Department of Dermatology, University of Heidelberg, Heidelberg, Germany.
Department of Dermatology, University of Heidelberg, Heidelberg, Germany.
Eur J Cancer. 2021 Feb;144:192-199. doi: 10.1016/j.ejca.2020.11.034. Epub 2020 Dec 25.
The clinical differentiation of face and scalp lesions (FSLs) is challenging even for trained dermatologists. Studies comparing the diagnostic performance of a convolutional neural network (CNN) with dermatologists in FSL are lacking.
A market-approved CNN (Moleanalyzer-Pro, FotoFinder Systems) was used for binary classifications of 100 dermoscopic images of FSL. The same lesions were used in a two-level reader study including 64 dermatologists (level I: dermoscopy only; level II: dermoscopy, clinical close-up images, textual information). Primary endpoints were the CNN's sensitivity and specificity in comparison with the dermatologists' management decisions in level II. Generalizability of the CNN results was tested by using four additional external data sets.

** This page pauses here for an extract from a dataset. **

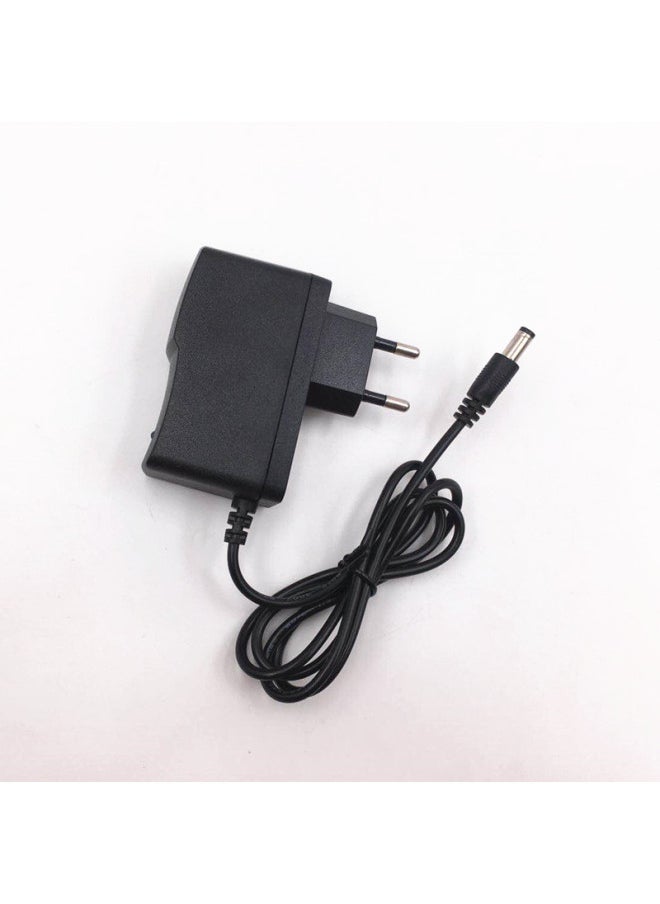 Generic - DC3v 5v 6v 9v 12v 15v 22v 24V Power Adapter 0.5a 1a 2a 3a Power Light-Color:European Round Insert 5v2a - Image 1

The CNN's sensitivity, specificity and ROC AUC were 96.2% [87.0%-98.9%], 68.8% [54.7%-80.1%] and 0.929 [0.880-0.978], respectively. In level II, the dermatologists' management decisions showed a mean sensitivity of 84.2% [82.2%-86.2%] and specificity of 69.4% [66.0%-72.8%]. When fixing the CNN's specificity at the dermatologists' mean specificity (69.4%), the CNN's sensitivity (96.2% [87.0%-98.9%]) was significantly higher than that of dermatologists (84.2% [82.2%-86.2%]; p < 0.001). Dermatologists of all training levels were outperformed by the CNN (all p < 0.001). In confirmation, the CNN's accuracy (83.0%) was significantly higher than dermatologists' accuracies in level II management decisions (all p < 0.001). The CNN's performance was largely confirmed in three additional external data sets but particularly showed a reduced specificity in one Australian data set including FSL on severely sun-damaged skin.
When applied as an assistant system, the CNN's higher sensitivity at an equivalent specificity may result in an improved early detection of face and scalp skin cancers.
即使是训练有素的皮肤科医生,对面部和头皮病变(FSL)的临床鉴别也具有挑战性。目前缺乏比较卷积神经网络(CNN)与皮肤科医生在 FSL 诊断性能的研究。
使用市场上认可的 CNN(Moleanalyzer-Pro, FotoFinder Systems)对 100 张 FSL 的皮肤镜图像进行二分类。相同的病变用于包括 64 名皮肤科医生的两级阅读者研究(一级:仅皮肤镜检查;二级:皮肤镜检查、临床特写图像、文本信息)。主要终点是 CNN 与二级皮肤科医生管理决策的敏感性和特异性比较。通过使用四个额外的外部数据集来测试 CNN 结果的泛化能力。
CNN 的敏感性、特异性和 ROC AUC 分别为 96.2%[87.0%-98.9%]、68.8%[54.7%-80.1%]和 0.929[0.880-0.978]。在二级中,皮肤科医生的管理决策显示出平均敏感性为 84.2%[82.2%-86.2%]和特异性为 69.4%[66.0%-72.8%]。当将 CNN 的特异性固定在皮肤科医生的平均特异性(69.4%)时,CNN 的敏感性(96.2%[87.0%-98.9%])明显高于皮肤科医生(84.2%[82.2%-86.2%];p<0.001)。所有培训水平的皮肤科医生都不如 CNN(均 p<0.001)。证实了,CNN 的准确性(83.0%)明显高于二级管理决策中皮肤科医生的准确性(均 p<0.001)。CNN 的性能在另外三个外部数据集上得到了很大的确认,但在一个包括严重日光损伤皮肤 FSL 的澳大利亚数据集上,特异性尤其降低。
当作为辅助系统应用时,CNN 在同等特异性下更高的敏感性可能会提高面部和头皮皮肤癌的早期检测率。